§ **REQUIRED WORK**
What lines in the material hold the string "bottom"? Copy out each of them.

§ **SOURCE MATERIAL**
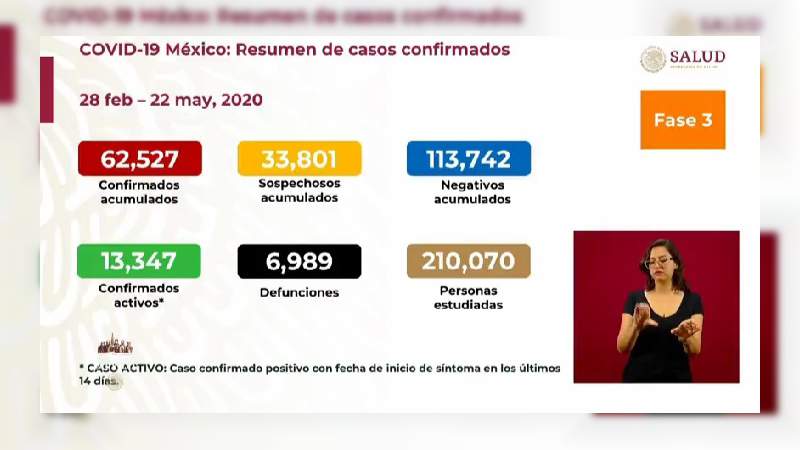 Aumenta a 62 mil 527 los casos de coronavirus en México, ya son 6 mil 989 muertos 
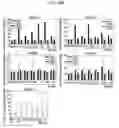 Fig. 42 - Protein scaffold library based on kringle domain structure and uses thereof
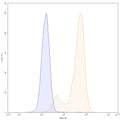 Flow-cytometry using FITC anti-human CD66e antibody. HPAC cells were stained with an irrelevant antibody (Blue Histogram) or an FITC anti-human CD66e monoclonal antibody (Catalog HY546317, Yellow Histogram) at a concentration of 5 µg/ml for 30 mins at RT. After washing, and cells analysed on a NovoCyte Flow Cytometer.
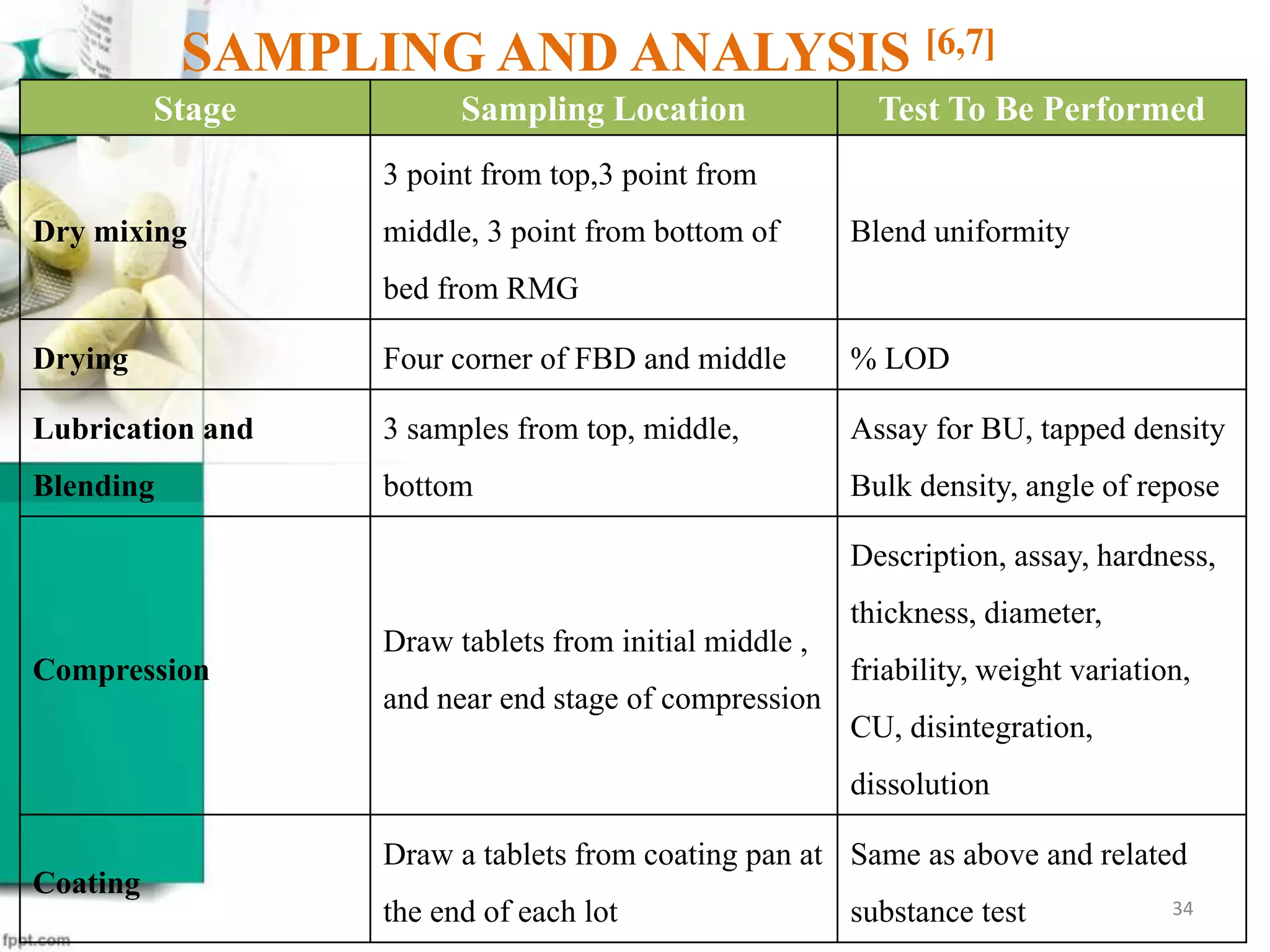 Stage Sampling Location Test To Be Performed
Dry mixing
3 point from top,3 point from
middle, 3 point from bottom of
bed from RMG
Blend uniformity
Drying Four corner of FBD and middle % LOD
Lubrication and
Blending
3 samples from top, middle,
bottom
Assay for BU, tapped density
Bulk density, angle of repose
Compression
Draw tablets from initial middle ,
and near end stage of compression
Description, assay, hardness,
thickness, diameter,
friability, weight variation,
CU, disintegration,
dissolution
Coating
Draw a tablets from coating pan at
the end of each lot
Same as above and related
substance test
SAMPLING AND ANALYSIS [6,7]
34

==

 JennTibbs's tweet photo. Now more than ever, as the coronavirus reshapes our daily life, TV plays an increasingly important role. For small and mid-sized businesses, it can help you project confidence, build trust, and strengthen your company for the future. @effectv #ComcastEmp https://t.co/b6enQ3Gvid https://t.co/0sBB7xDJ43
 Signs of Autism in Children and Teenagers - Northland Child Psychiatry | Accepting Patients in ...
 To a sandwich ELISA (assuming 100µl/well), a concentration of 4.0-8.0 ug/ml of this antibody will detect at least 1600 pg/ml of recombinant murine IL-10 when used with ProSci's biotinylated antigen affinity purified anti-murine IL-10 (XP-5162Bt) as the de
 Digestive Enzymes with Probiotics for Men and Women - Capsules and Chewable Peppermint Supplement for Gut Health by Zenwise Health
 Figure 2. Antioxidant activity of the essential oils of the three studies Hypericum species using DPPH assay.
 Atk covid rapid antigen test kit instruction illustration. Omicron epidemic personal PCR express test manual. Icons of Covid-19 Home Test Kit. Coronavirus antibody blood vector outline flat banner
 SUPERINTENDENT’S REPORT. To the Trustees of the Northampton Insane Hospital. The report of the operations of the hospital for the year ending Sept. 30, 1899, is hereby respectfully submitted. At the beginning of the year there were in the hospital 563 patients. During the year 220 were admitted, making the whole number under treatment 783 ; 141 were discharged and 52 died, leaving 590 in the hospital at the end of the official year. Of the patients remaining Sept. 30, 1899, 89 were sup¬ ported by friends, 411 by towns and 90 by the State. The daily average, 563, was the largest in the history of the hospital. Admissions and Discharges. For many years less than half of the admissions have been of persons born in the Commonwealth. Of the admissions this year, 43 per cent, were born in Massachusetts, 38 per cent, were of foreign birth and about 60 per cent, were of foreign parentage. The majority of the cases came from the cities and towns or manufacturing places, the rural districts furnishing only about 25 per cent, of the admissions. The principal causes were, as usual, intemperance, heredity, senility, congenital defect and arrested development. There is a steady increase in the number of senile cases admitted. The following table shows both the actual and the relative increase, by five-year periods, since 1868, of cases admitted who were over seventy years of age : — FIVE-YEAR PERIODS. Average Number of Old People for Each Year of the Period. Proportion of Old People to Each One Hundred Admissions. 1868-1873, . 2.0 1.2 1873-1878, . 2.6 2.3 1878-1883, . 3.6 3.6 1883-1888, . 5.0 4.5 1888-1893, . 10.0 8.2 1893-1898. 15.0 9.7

* * *

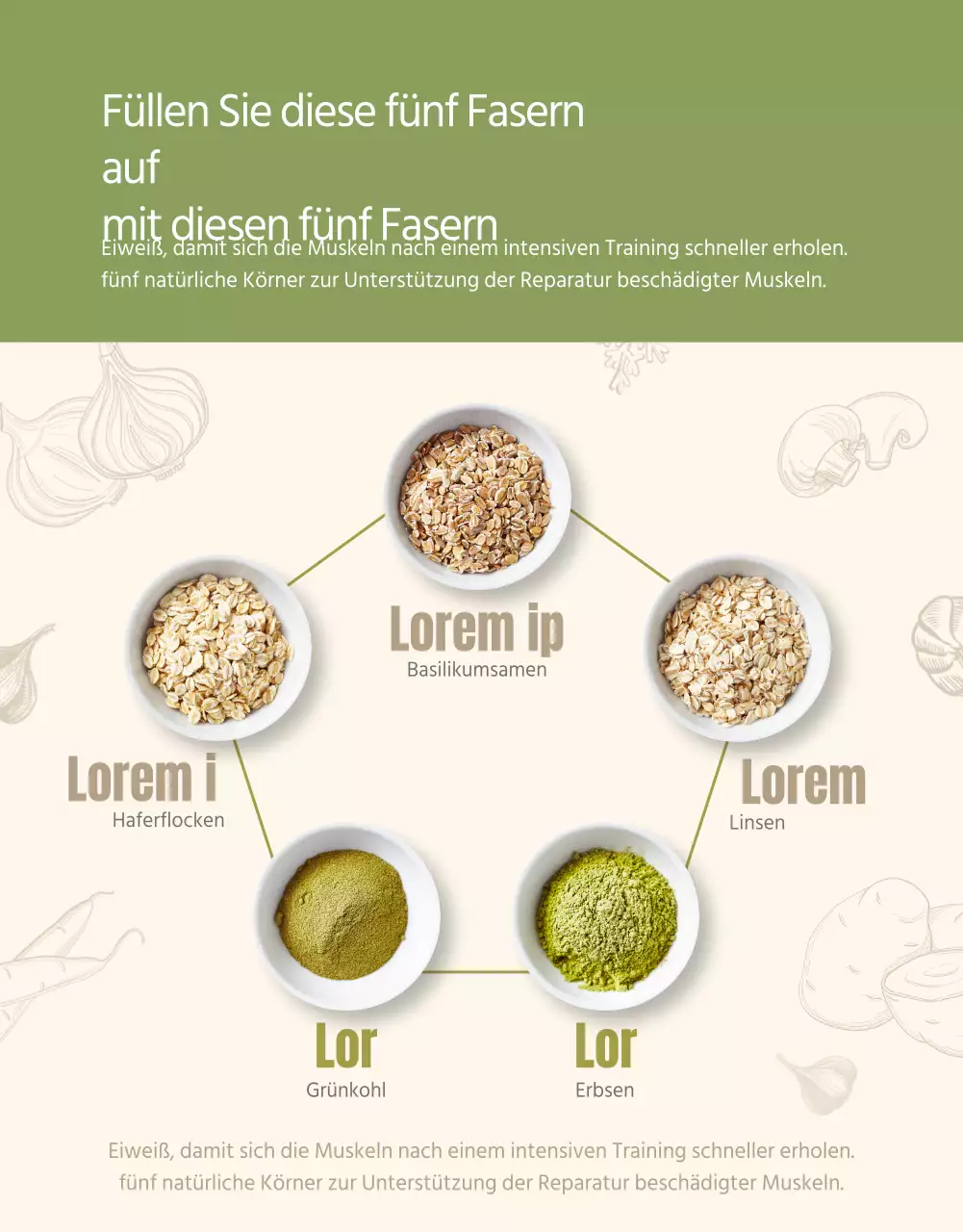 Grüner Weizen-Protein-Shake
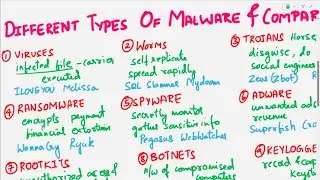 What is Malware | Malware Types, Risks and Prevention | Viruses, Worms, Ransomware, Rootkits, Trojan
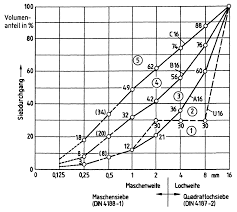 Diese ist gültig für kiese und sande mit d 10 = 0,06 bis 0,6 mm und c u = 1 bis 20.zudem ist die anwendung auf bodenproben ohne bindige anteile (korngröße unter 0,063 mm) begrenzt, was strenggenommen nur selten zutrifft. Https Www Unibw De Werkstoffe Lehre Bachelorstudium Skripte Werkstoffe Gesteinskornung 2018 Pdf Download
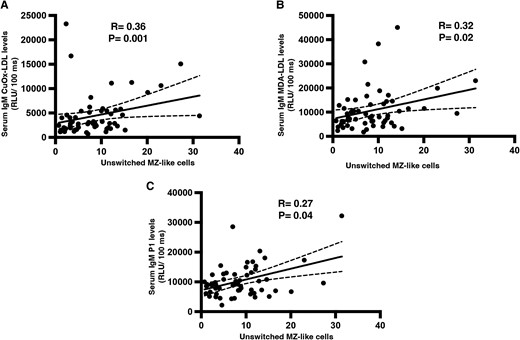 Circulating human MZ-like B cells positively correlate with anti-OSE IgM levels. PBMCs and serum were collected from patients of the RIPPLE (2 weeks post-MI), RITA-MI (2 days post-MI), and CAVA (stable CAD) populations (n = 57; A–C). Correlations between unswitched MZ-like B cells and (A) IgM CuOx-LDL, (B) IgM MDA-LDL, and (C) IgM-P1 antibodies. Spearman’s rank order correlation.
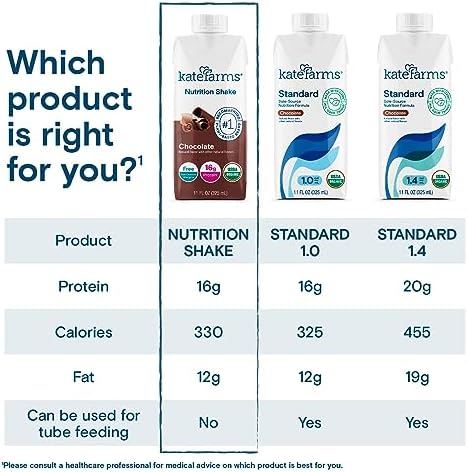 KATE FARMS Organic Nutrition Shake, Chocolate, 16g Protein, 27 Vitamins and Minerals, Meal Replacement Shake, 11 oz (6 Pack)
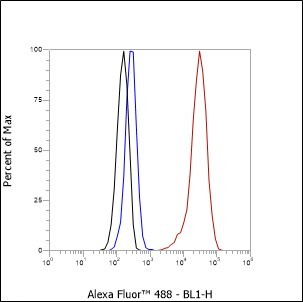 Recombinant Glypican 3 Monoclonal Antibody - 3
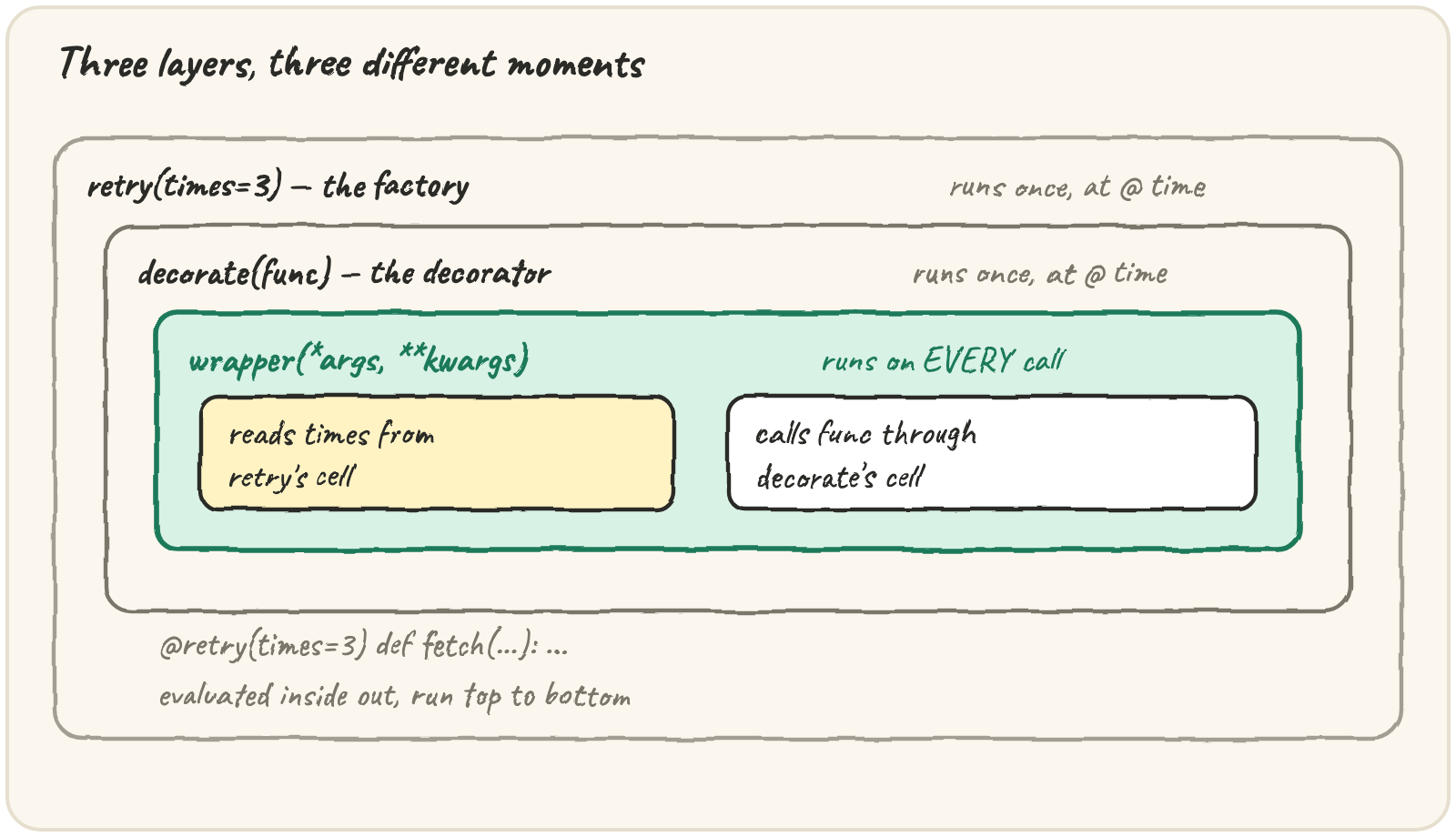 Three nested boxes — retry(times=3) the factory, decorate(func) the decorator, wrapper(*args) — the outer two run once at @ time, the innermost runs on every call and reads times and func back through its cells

§ **TASK SOLUTION**
middle, 3 point from bottom of
bottom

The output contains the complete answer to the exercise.